Humility and dogged determination were absolutely a requirement but having a brick and mortar has paid off significantly. Our tasting room shows the full breadth of opportunities for uses and creativity with our product and it inspires our customers to want to keep creating yummy drinks at home, so they buy syrup before they leave.

Having our retail store sell through during the Pandemic was very important to our business at a time when Farmer’s Markets, food festival events, and many stores were closed, wholesale accounts were impossible to get into, and no stores were offering demos that could help a food producer compete on their shelves.

We were just executing our wholesale strategy in March 2020 when the Pandemic began and the new customers we had completely pivoted to essential goods and the demands of the Pandemic.

Like many people during this time, we also suffered significant personal losses that made operating a demanding business extremely challenging. In those times, we felt immense relief to understand one another’s pain on a deep level given that we are siblings first, before business partners.

After surviving our first season being open, we were able to hire our first part-time employees and ease up on our schedule. This was good because just a month before we had launched the Cocktail Farm Club our subscription box was filled with drink-making goods that are hyper-seasonal.

It was quickly apparent that our customers loved this product and as it grew, we’d need to spend more time crafting, packaging, shipping, and marketing for Cocktail Farm Club. The first time we shipped the boxes, it took 3 people a full week to assemble, wrap, and ship. Now, we pack 3 times as many in 2-3 days.

From March 2021 to May 2022, we grew the Cocktail Farm Club by over 300%. We continue to push efficiency to get the subscriber's boxes out the door each month, while also keeping the quality and authenticity of this very special product box intact for our customers.

It takes a lot of creativity to come up with new flavors and recipes every two months, and we do a ton of experimentation and sourcing research before each flavor goes out. If we can’t grow an ingredient ourselves, we buy direct from farmers whose ethos aligns with ours, so we’re always trying to meet new farmers and seek out new flavor possibilities. Staying ahead of the calendar on this is a monthly challenge.

What have been your biggest lessons learned in the last year?

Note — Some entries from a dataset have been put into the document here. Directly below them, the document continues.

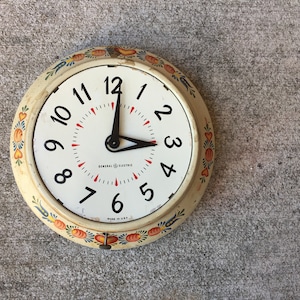 May include: Vintage General Electric wall clock with a cream-colored face and black numerals. The clock has a decorative floral border with red, orange, and blue accents. The hands point to 3:00. The text "MADE IN USA" is visible.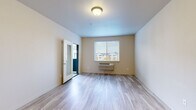 This single-floor residential unit offers a clean, contemporary design with a thoughtful layout and consistent finishes throughout. The main living area features light-toned luxury vinyl plank flooring, neutral wall colors, and a window fitted with horizontal blinds that frames views of the neighboring community, allowing natural light to fill the space. A wall-mounted HVAC unit provides climate control, and a glazed interior door adds a touch of modern detailing.

The kitchen is a standout feature, showcasing rich dark-wood cabinetry in a warm walnut finish paired with crisp white countertops. Stainless steel appliances — including a refrigerator, range, and over-the-range microwave — lend a polished, functional appeal, while pendant lighting above adds an elegant finishing touch.

The bathroom is finished with matching dark-wood cabinetry, a white countertop vanity, and wood-look vinyl flooring. A full soaking tub with shower completes the space. The bedrooms are carpeted for comfort, with large windows offering pleasant outdoor views and an abundance of natural light. An in-unit laundry area is also present, adding everyday convenience. Overall, the unit presents a cohesive, modern aesthetic well-suited for comfortable residential living.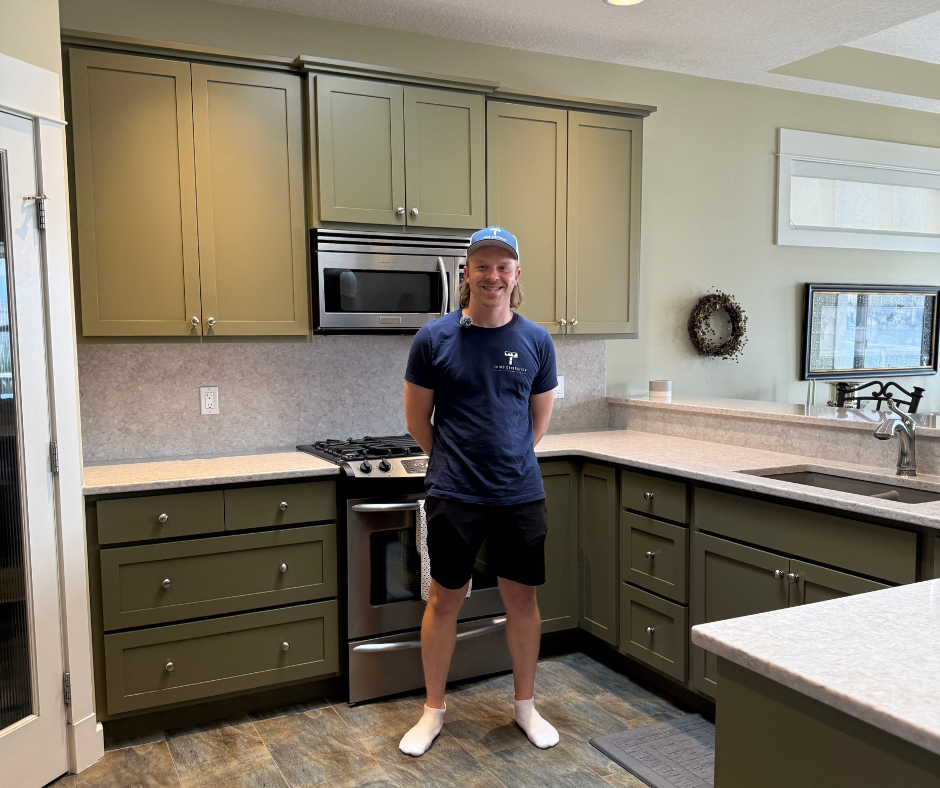 Completed kitchen cabinet refinishing in Vernon, BC featuring a modern olive green finish.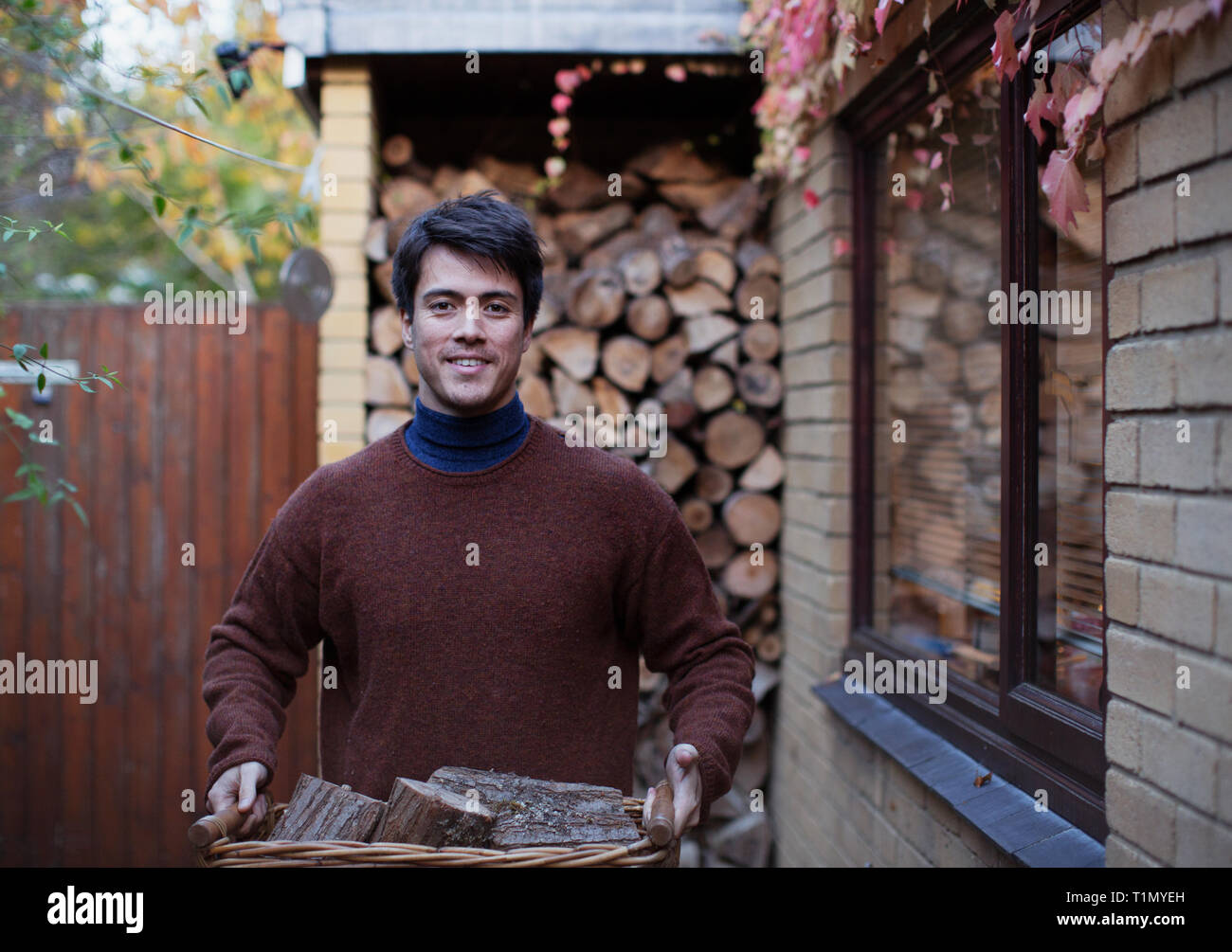 Retrato hombre llevando leña en otoño patio Foto de stock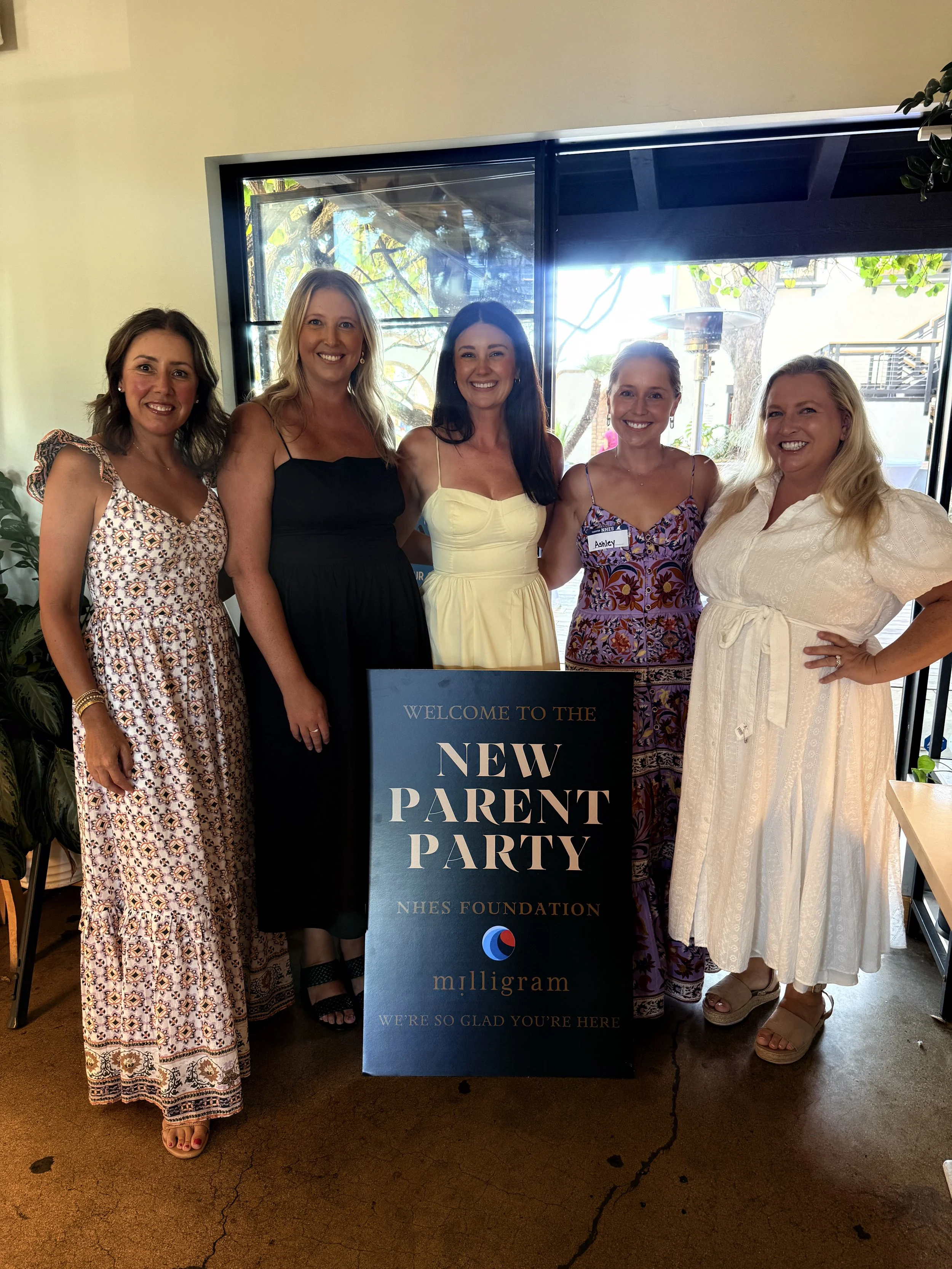 Five community members gathered behind the NHES Foundation New Parent Party welcome sign.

So much of business ownership is taking on more than you think you can handle and engineering backward how to meet the goal. That may be finding new employees, purchasing new equipment, setting the date on an event you’re planning for 6 months from now even when you’re feeling overwhelmed at the moment, or unwinding a spool of paperwork and licensing needed to meet the task.

We like to stay ahead of ourselves in goals because if you wait until you’re ready, often the right moment for the idea you had is already passed. You have to be willing to work in that place of discomfort and especially during a Pandemic, with all of its shortages and complexities, respond to the environment of the moment, not what you wish you could/should have.

simple-goodness-sisters

What’s in the plans for the upcoming year, and the next 5 years?

Our long-term goal is to spread Happier Hour all across the nation, by shipping our products direct to more households and growing the Cocktail Farm Club community. At the Simple Goodness Soda Shop, we want to show our customers the full story of how the goodness goes from our Cocktail Farm harvests to the syrup bottle to their glass.

We’re creating an agritourism experience akin to a brewery, but completely family-friendly, sober life-friendly, and cocktail friendly. And we hope to be a positive force in our community as we grow, promoting healthier, moderate imbibing, championing small farms in America, preserving a safe and balanced American food system, and bringing joy to our customers through our products.